だが、裏にUSB端子が搭載されており、PCとつなげることでアナログレコードのサウンドをデジタル録音・保存できる機能が搭載されている。
ポイントは、ハイレゾのフォーマットで保存できるところだ。アナログレコードの持つ芳醇なサウンドをあますところなく保存するには、ハイレゾフォーマットがふさわしい、というわけである。
アナログレコードで音楽を楽しんできたシニア世代はもとより、ちょっぴりレコードに興味を持っている若者や、クラブ文化にどっぷりはまっているDJ予備軍までもが、気を引き興味をそそられる魅力的なアイテムとして設計されているようだ。
純粋にレコードプレーヤーとして使用するのみならず、部屋で眠っているレコードを引っ張りだして、今一度デジタルオーディオプレーヤーやスマホで持ち運ぼうじゃないか、という思いも込められているようにみえる。スペック云々以前に、そのコンセプトが眩しいアイテムだ。

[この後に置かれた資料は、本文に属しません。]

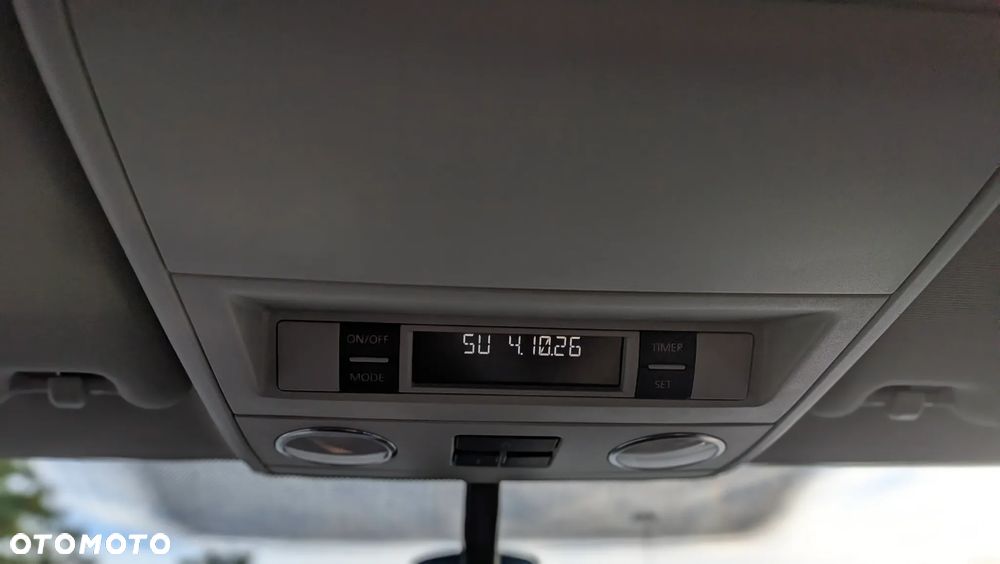 Volkswagen Multivan - 17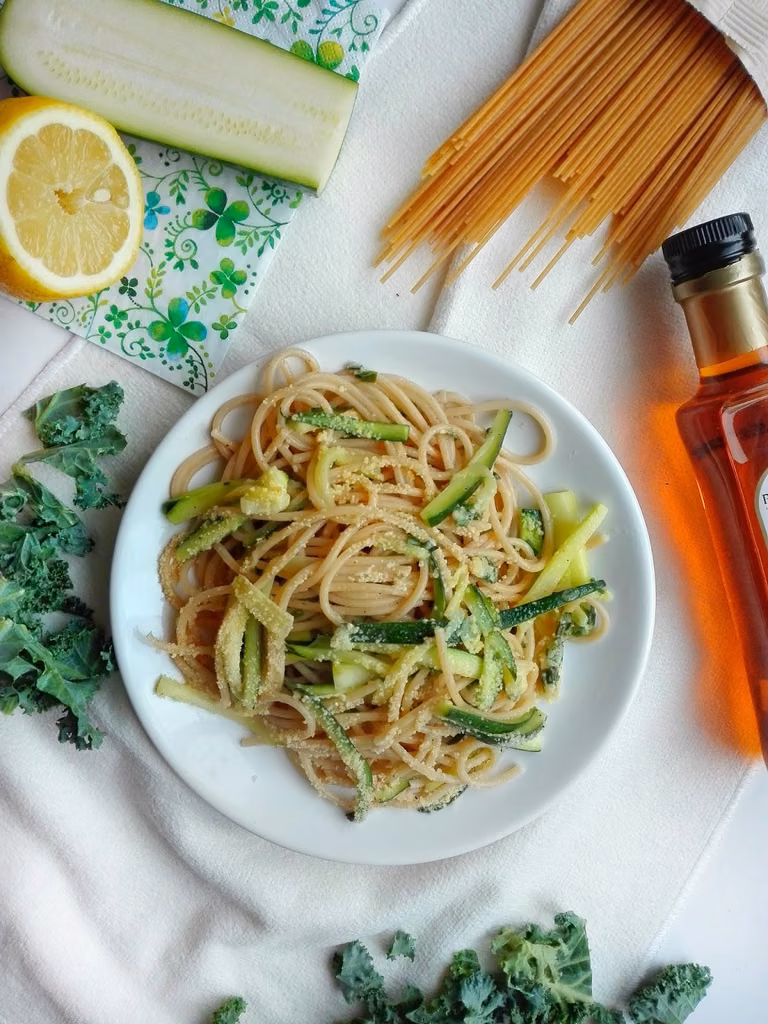 Wiosenne spaghetti z cukinią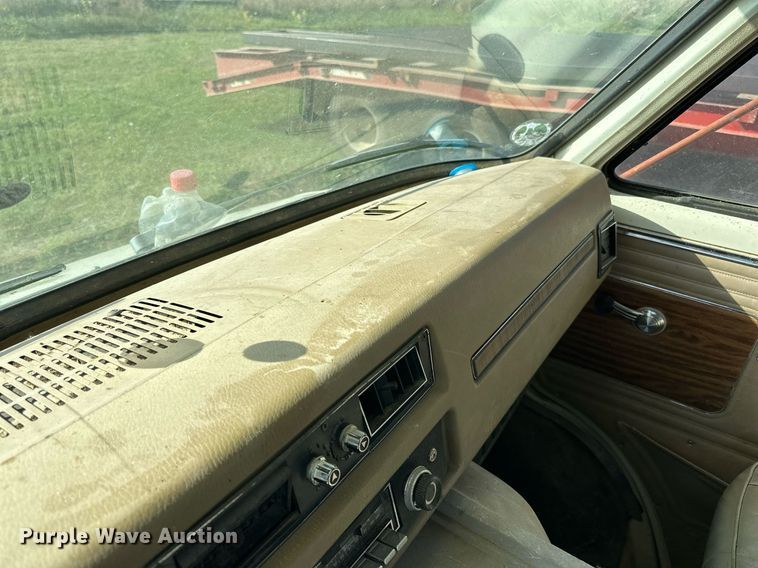 image for item LR9500 1976 Coachmen Chevy Van 30 RV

デジタル全盛にありながら、世界規模でアナログ回帰のムーブメントも沸き起こるという2016年の音楽シーンにおいて、1960年代から50年にも及ぶミュージックシーンをリアルタイムで生きてきたピーター・バラカンにアプローチ、話を訊いてみた。アナログレコードからデジタルまで様々なフォーマットで世界中の音楽に精通する彼を通し、音楽の変遷に伴う音楽のたしなみ方とともに、アナログプレーヤーの最新事情に迫ってみたい。
取材・文:BARKS編集長 烏丸哲也
──アナログレコードが自宅の玄関にも置いてあるとお聞きしましたが、本当ですか?
ピーター・バラカン:
玄関にもあります(笑)。Fm yokohamaでアナログ盤しかかけないというラジオ番組「アナログ特区」を毎週やってきていたので、もう玄関にも置きっぱなしで。片付けないといけませんね。
──アナログが当たり前だった時代から、CDそしてデジタルと音楽流通はドラスティックな変化を遂げてきましたが、バラカンさんは、全てのメディアを体感してきていますよね。
ピーター・バラカン:
初めてレコードを買ったのは1960年ですから、9歳の時ですね。45回転のシングル盤でした。
──ここにきて、アナログへの再評価が世界的なトレンドになっていますが、バラカンさんもそう感じていますか?
ピーター・バラカン:
今でもCDがメインなのは変わりませんけど、CDとアナログとハイレゾを聴き比べる実験を何度かしたことがあります。かなりいい機材を使って大きな音で聴き比べるんですが、少なくとも僕の耳にはアナログの方が心地良く感じます。
──どういう点でですか?
ピーター・バラカン:
自分がアナログの時代に育った人間だから、昔の体験/記憶が心地よくてそう感じる…可能性もあります。
──いわゆる思い出補正ですね。
ピーター・バラカン:
でも、聴き比べするのが全て昔の音源というわけでもないんですよ。真新しいものもありますしデジタル録音されたものもあります。フルデジタルの音源などは、ハイレゾがホントはマスターテープに一番近い音のはずなんですけど、それでもアナログで聞いた時のほうが気持ち良いというか…理屈じゃないんですが。
──若い人たちはどんな反応でした?
ピーター・バラカン:
ほぼ僕と同じ意見でした。もちろん人によっては「このアルバムはハイレゾの方がいい」みたいな意見もありましたし、それは当然だと思いますけどね。人の耳はみんなぞれぞれ違うし、生まれた時代や聞いてきた体験的な違いも影響すると思いますから、そもそも正解はありません。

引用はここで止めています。